February 04, 2026

Now Queen is LGBT Propaganda


Now Queen is LGBT Propaganda
Members of the British band Queen dressed in drag for their "I Want To Break Free" music video. Verstka, Telegram.

On January 31, a Moscow man was fined for posting pictures of the members of the band Queen in drag from the music video of their song "I Want to Break Free." The court determined that the man was guilty of spreading "LGBT propaganda."

On March 26, 2025, Muscovite David Gevondian, 21, was charged with "extremist and LGBT propaganda." He was accused of posting images on his VKontakte page of "men dressed in women's clothes and accessories (children's hairclips)," "men dressed in women's clothes," and men kissing. A city court considered these pictures "LGBT propaganda." Gevodian was fined R100,000 ($1,309) for each image.

While facing "LGBT propaganda" charges, Gevondian was also accused of "extremism" for allegedly posting images of an organization called "Ukrainian Insurgent Army" with the caption "Russia and a car brand are brothers forever." He also reportedly accompanied his post with a picture of two hanging men. Gevondian was sentenced to ten days in administrative jail. Mediazona, which originally broke the story, could not find the original post.

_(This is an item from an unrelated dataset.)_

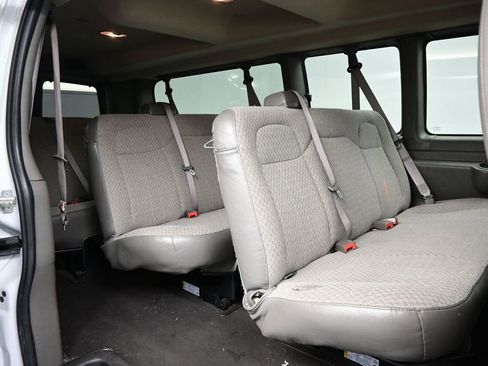 Used 2024 Chevrolet Express 3500 LT w/ LT Preferred Equipment Group RWD image 9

Gevondian challenged the charges of "LGBT propaganda." He claimed that the images were stills from the British band Queen's 1984 music video, for their song "I Want to Break Free," so it was not LGBT propaganda. However, the judge rejected his claims, saying, "Posting a photo of Queen members dressed in women's clothing has no musical connotation." The court claimed that Gevondian's post provided "positive assessments of the rationale for non-traditional sexual relations" and that it "distorted" relationships between men and women, "destroying family values."